*** Opening of Material provided ***

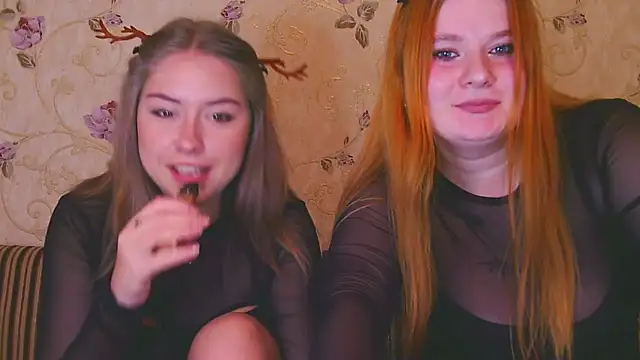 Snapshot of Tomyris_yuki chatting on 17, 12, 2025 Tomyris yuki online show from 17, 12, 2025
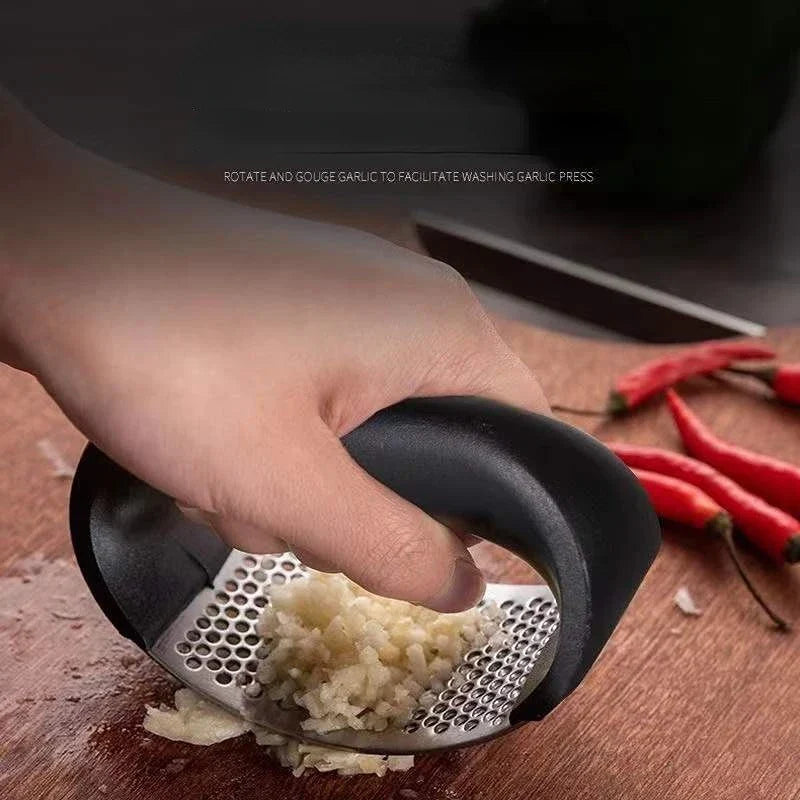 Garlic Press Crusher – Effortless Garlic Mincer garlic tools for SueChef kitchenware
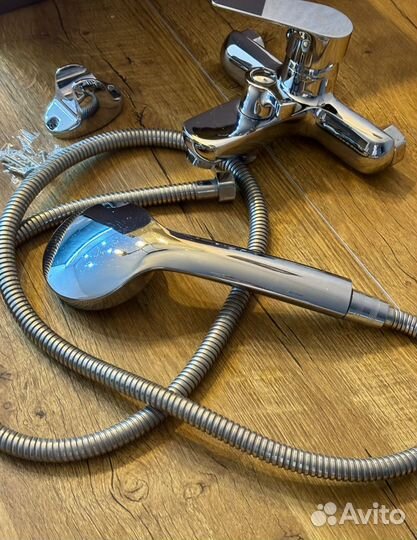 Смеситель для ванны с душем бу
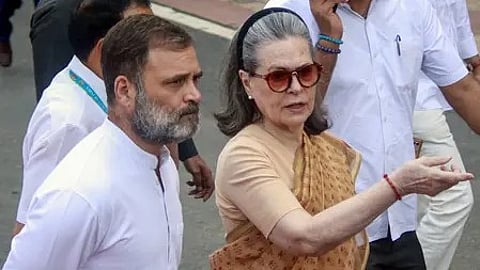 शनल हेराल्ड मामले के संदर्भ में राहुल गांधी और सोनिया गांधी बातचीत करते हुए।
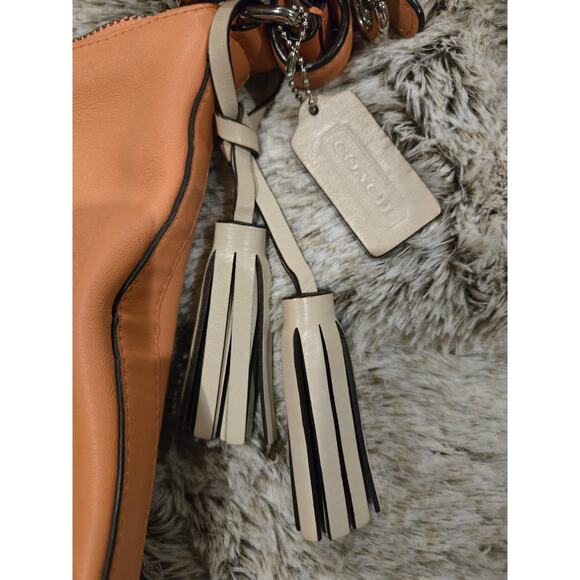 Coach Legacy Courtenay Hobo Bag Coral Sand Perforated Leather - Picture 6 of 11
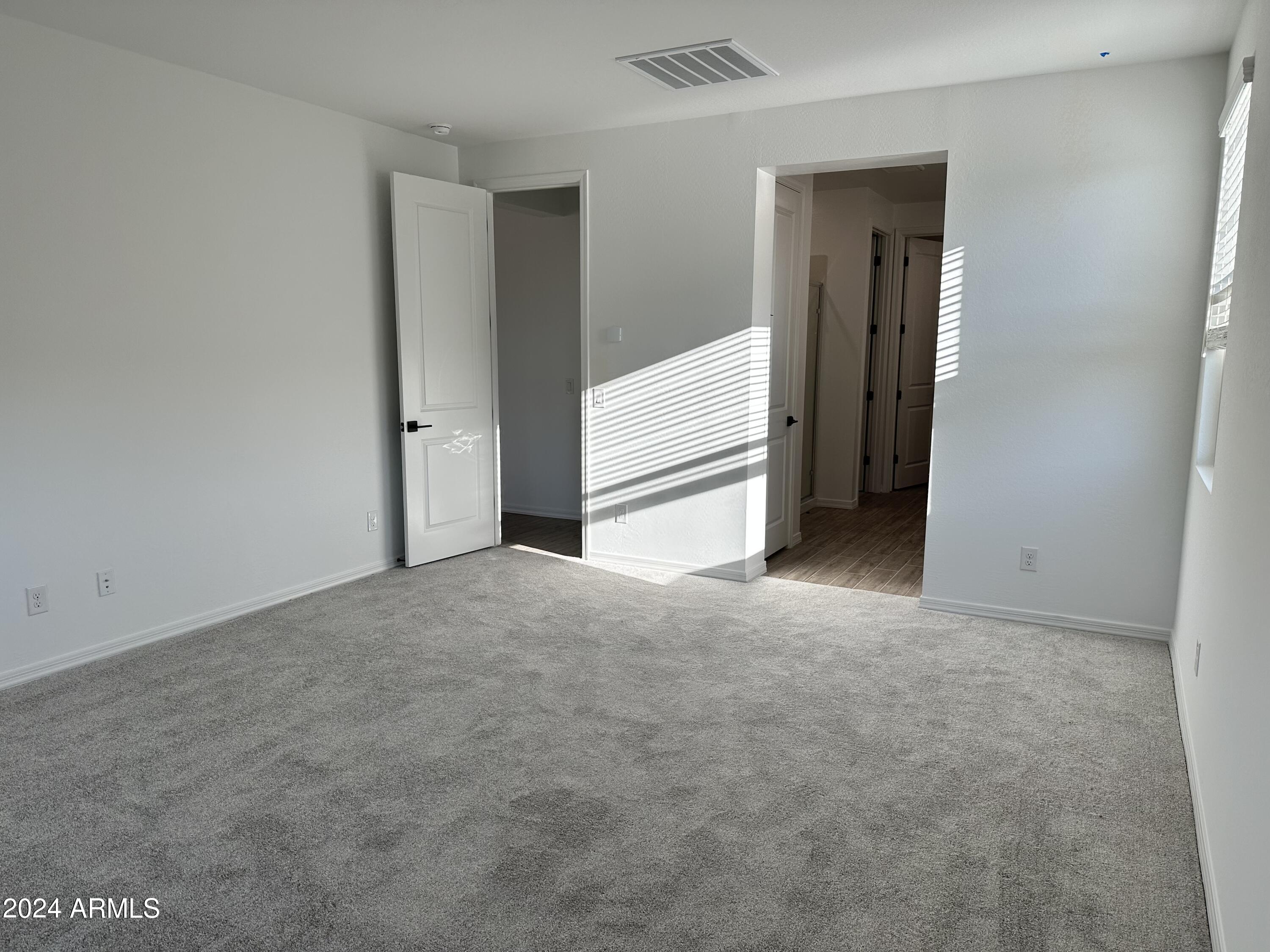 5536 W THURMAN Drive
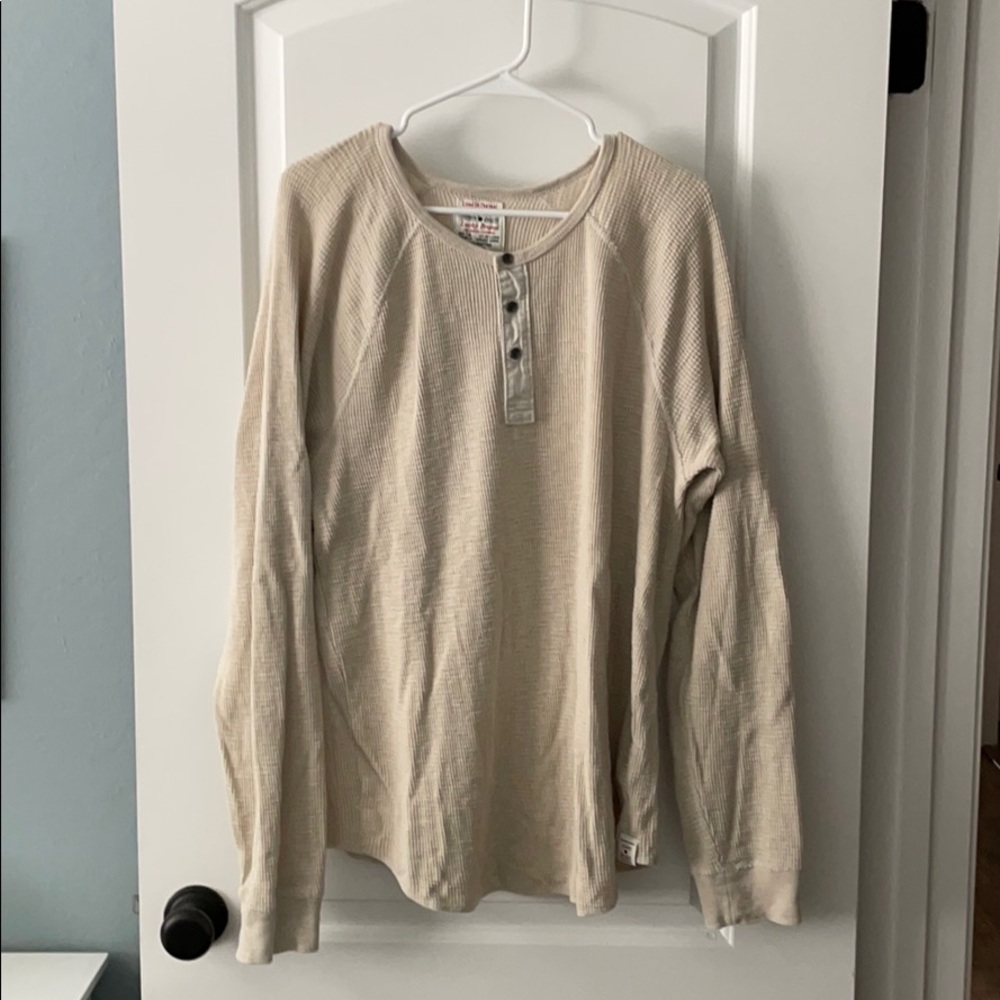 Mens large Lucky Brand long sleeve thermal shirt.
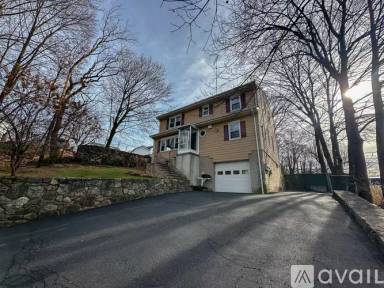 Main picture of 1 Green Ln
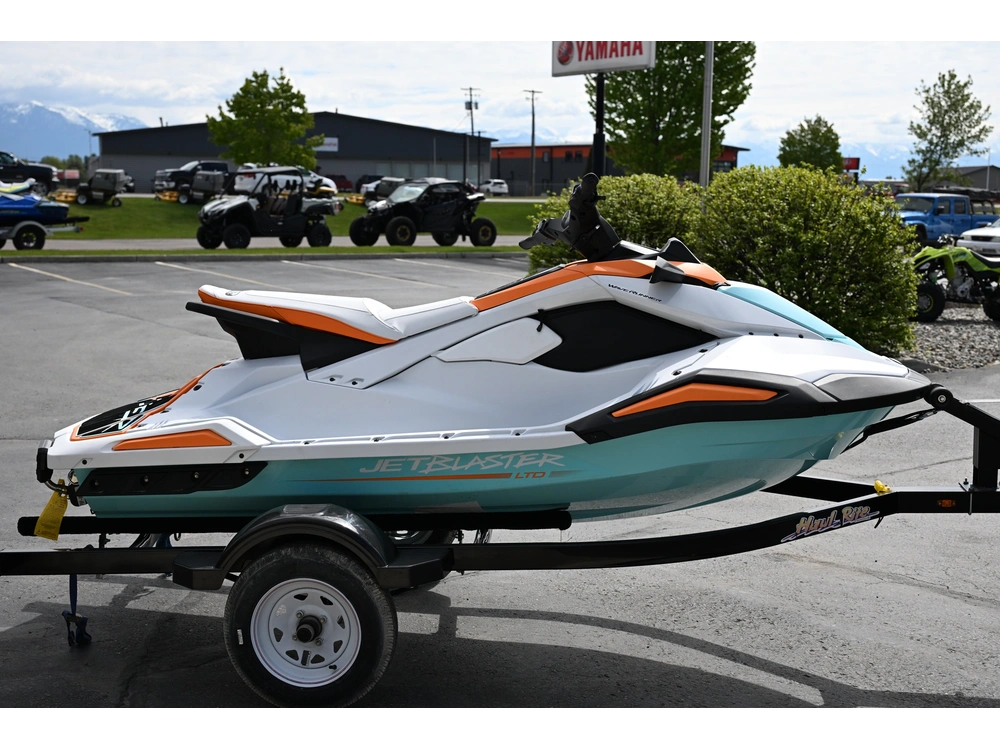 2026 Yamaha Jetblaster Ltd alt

*** Close of Material provided ***

> [What you are asked to do] Give back, word for word, the lines from the line that contains "Coach Legacy Courtenay" through the last line of the records, with no pictures and nothing else.

> [Your response]
 Coach Legacy Courtenay Hobo Bag Coral Sand Perforated Leather - Picture 6 of 11
 5536 W THURMAN Drive
 Mens large Lucky Brand long sleeve thermal shirt.
 Main picture of 1 Green Ln
 2026 Yamaha Jetblaster Ltd alt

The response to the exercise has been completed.